Per l'Antitrust sarebbero infatti possibili risparmi fino a 180 euro all’anno per il proprio conto corrente, somma pari alla differenza di prezzo fra prodotti identici proposti a clienti differenti.

L'Abi, l’Associazione bancaria italiana, non ci sta e ricorda che dal 2007 al 2012 il prezzo del conto corrente italiano è sceso progressivamente, portandosi in media a 100 euro.

L'Authority riconosce che negli ultimi anni ci sono stati:


"alcuni cambiamenti nelle politiche adottate dagli operatori e, sotto alcuni profili, a una evoluzione anche più competitiva del settore"

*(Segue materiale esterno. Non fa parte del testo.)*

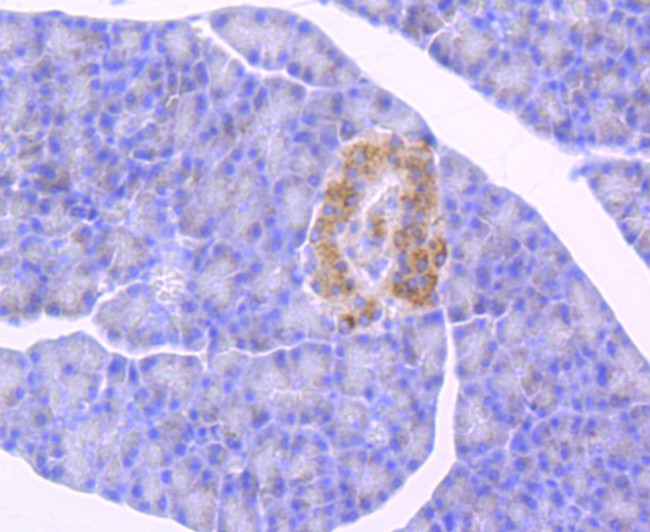 GBA Antibody in Immunohistochemistry (Paraffin) (IHC (P))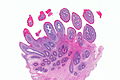 Photomicrographie d'un papillome malpighien sur une langue. Coloration à l'hématoxyline et à l'éosine.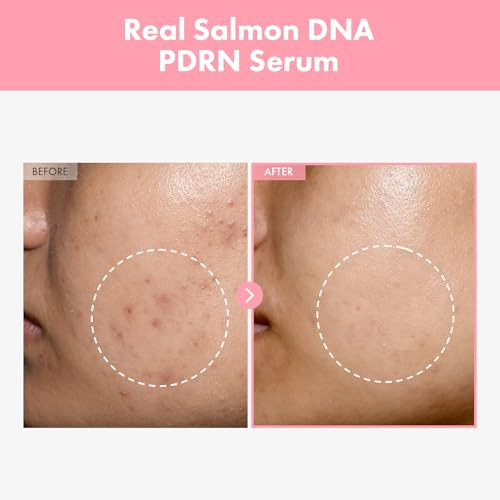 Tosowoong Pink Peptide 12 Pdrn Serum With Salmon Dna Pdrn 10320Ppm 12 Peptides Niacinamide Skin Glow Hydrating Moisturizing Firming Uneven Skin Tone Korean Skincare 33Ml 1.11 Fl.Oz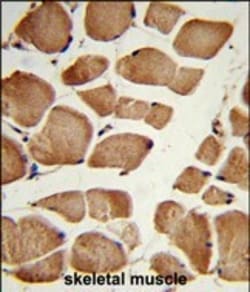 Invitrogen Neuropilin 1 Polyclonal Antibody 400 &mu;L; Unconjugated:Antibodies,
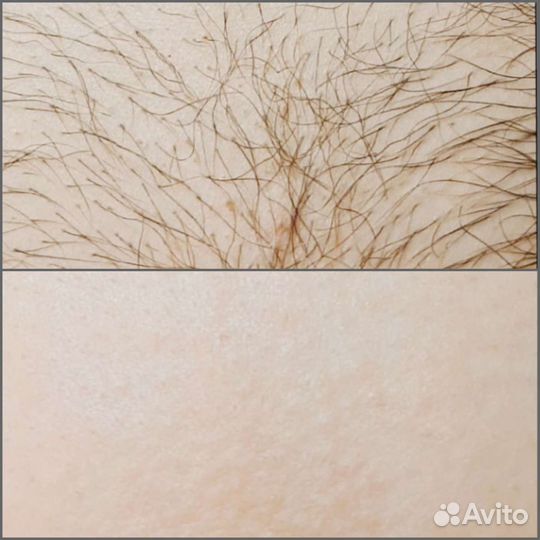 Шугаринг обучение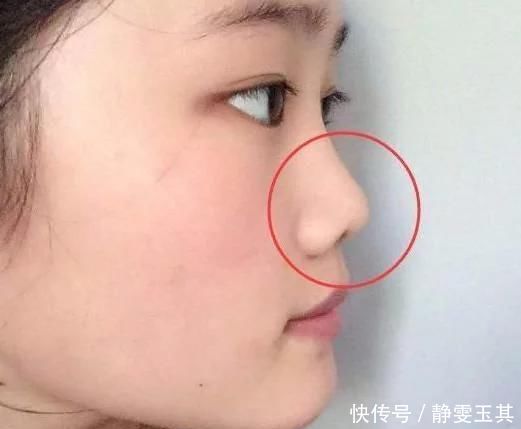 青春期女孩“贼伤鼻子”的3大行为,自认为很舒服,难怪异性缘会归0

L’entità del risparmio che si ottiene passando da un conto all'altro mostra però:


"che ci sono ancora spazi per ridurre i costi dei conti correnti. Si tratta tuttavia di spazi che i risparmiatori non riescono a sfruttare, perché privi delle informazioni necessarie che vanno invece rese disponibili da parte delle banche, anche introducendo vincoli normativi e regolatori”.

L'indagine sull'andamento dei prezzi dei conti correnti nel periodo 2007-2012 dell'Autorità Garante della Concorrenza e del Mercato ha preso in considerazione un campione costituito da 52 banche e più 14.500 sportelli (quest’ultimi pari al 44% di rappresentatività).

L'Antitrust nel suo rapporto osserva poi come stenti a prendere piede il conto corrente di base, istituito nel 2011 per favorire la lotta alla circolazione del contante e l'inclusione. La percentuale è irrisoria addirittura inferiore, e di parecchio, all'1% sul totale di correntisti di ciascuna banca.

Secondo l'Autorità:

''pesano probabilmente, sul mancato decollo, l'opacità delle condizioni di offerta e la struttura del prezzo non immediatamente calcolabile. Per il 34% delle banche facenti parte del campione, esiste inoltre almeno un conto corrente per i giovani e le famiglie con operatività elevata con un prezzo inferiore o uguale a quello del Conto di Base offerto alla generalità dei consumatori''.

E l’Authority sottolinea come il conto corrente online convenga dato che allo sportello i prezzi scendono in maniera decisa (-19%) solo per i giovani. Calo meno rilevante per famiglie e pensionati con minore operatività (rispettivamente -2,8% e -3,6%).